Hello,
In the Initialization Assignment, it is mentioned " As you can see with the prediction being 0.5 whether the actual ( y ) value is 1 or 0 you get the same loss value for both, so none of the weights get adjusted and you are stuck with the same old value of the weights."
I am unable to understand why and how the statement -" As you can see with the prediction being 0.5 whether the actual ( y ) value is 1 or 0 you get the same loss value for both"- implies that - “so none of the weights get adjusted and you are stuck with the same old value of the weights.” Please help understand the concept behind this conclusion drawn.
If for any general binary classification problem(X,y), we get the same non-zero loss value for training examples for both categories of y (0 and 1), does this always mean that the weights will stop getting updated during the gradient descent (even if the cost function gradient values are non zero) ?
The real point is that if you initialize with all zeros, then the gradients are zero. That is why no learning can take place. Here’s a thread which goes through the math behind that.

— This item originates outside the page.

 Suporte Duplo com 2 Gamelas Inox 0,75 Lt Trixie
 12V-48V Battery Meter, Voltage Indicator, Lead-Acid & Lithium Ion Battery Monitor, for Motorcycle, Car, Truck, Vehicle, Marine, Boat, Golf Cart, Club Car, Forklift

The answer to your last question is generally no - having the same non-zero loss value for training examples of both categories doesn’t imply zero gradients. The statement you cite from the assignment happens to hold just because the specific dataset used in the assignment has exactly the same number of positive and negative examples so that the gradients of the positive and negative examples cancel each other. If you reduce just one example from the dataset, the gradients are no longer zero.
The main issue with zero initialization is therefore not zero gradients, but symmetry between different neurons in the same layer.